**TASK TO COMPLETE**
Below are entries. Copy exactly the lines running from the line that holds "aurorawrenfield online show" to the line that holds "#blushingbride #weddingday #makeupartist", with both ends included.

**LISTED ENTRIES**
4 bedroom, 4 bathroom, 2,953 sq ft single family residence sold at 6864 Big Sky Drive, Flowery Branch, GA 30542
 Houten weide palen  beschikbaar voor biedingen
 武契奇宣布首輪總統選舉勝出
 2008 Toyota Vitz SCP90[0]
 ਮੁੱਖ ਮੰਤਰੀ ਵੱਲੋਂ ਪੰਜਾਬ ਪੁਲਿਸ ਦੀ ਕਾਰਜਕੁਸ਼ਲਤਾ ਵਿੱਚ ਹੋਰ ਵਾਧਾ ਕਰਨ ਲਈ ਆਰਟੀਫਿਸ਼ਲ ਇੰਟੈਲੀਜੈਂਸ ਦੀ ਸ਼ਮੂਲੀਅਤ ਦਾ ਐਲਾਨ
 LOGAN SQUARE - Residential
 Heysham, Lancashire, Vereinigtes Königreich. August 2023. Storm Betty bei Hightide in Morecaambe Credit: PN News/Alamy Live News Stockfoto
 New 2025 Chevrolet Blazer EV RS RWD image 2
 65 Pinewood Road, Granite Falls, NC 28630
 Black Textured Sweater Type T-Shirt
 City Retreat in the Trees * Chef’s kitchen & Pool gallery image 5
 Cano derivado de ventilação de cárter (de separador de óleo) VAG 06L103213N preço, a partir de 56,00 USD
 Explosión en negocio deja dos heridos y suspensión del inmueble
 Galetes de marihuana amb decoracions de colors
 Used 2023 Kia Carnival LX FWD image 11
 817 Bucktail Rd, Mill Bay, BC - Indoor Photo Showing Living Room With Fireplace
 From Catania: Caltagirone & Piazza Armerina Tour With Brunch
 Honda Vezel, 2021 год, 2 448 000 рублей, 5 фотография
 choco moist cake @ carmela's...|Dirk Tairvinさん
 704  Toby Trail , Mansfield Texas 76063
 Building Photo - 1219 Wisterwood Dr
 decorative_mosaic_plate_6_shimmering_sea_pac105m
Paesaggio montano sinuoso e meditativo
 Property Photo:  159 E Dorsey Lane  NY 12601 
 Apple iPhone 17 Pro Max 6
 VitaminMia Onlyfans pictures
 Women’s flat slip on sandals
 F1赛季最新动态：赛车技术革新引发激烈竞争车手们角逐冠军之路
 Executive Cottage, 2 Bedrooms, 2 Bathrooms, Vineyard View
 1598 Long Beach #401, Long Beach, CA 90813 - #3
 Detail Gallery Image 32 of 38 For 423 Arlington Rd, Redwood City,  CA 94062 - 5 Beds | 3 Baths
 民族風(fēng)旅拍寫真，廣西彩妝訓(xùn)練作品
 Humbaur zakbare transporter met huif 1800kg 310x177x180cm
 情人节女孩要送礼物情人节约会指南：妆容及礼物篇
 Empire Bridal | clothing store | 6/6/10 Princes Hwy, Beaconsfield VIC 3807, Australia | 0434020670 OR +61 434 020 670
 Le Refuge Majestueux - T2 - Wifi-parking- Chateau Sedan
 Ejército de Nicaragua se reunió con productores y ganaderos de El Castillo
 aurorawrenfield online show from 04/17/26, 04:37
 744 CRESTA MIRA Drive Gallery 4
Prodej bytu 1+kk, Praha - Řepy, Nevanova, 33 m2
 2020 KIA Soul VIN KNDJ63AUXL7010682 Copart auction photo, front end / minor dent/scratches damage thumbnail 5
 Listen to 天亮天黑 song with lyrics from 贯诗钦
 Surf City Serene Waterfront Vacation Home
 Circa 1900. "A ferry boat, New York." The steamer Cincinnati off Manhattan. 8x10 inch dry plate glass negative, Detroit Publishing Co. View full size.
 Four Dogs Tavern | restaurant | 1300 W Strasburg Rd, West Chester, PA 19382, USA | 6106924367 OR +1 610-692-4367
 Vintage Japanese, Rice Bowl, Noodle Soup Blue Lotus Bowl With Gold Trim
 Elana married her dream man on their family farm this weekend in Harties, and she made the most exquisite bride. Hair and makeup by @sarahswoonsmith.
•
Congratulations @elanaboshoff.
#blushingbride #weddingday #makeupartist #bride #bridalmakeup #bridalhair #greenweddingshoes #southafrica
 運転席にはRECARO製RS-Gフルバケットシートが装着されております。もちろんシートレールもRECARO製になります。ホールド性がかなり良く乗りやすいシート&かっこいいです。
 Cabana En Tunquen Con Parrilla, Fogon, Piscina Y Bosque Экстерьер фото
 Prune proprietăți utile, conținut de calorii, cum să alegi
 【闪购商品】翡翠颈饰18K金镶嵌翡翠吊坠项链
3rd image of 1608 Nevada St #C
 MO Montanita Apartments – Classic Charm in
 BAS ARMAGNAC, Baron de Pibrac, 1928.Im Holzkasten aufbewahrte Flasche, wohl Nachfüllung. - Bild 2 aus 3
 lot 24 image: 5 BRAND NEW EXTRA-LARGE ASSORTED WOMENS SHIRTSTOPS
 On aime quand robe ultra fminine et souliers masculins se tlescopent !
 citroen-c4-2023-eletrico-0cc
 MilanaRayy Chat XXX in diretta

**EXERCISE SOLUTION**
 aurorawrenfield online show from 04/17/26, 04:37
 744 CRESTA MIRA Drive Gallery 4
Prodej bytu 1+kk, Praha - Řepy, Nevanova, 33 m2
 2020 KIA Soul VIN KNDJ63AUXL7010682 Copart auction photo, front end / minor dent/scratches damage thumbnail 5
 Listen to 天亮天黑 song with lyrics from 贯诗钦
 Surf City Serene Waterfront Vacation Home
 Circa 1900. "A ferry boat, New York." The steamer Cincinnati off Manhattan. 8x10 inch dry plate glass negative, Detroit Publishing Co. View full size.
 Four Dogs Tavern | restaurant | 1300 W Strasburg Rd, West Chester, PA 19382, USA | 6106924367 OR +1 610-692-4367
 Vintage Japanese, Rice Bowl, Noodle Soup Blue Lotus Bowl With Gold Trim
 Elana married her dream man on their family farm this weekend in Harties, and she made the most exquisite bride. Hair and makeup by @sarahswoonsmith.
•
Congratulations @elanaboshoff.
#blushingbride #weddingday #makeupartist #bride #bridalmakeup #bridalhair #greenweddingshoes #southafrica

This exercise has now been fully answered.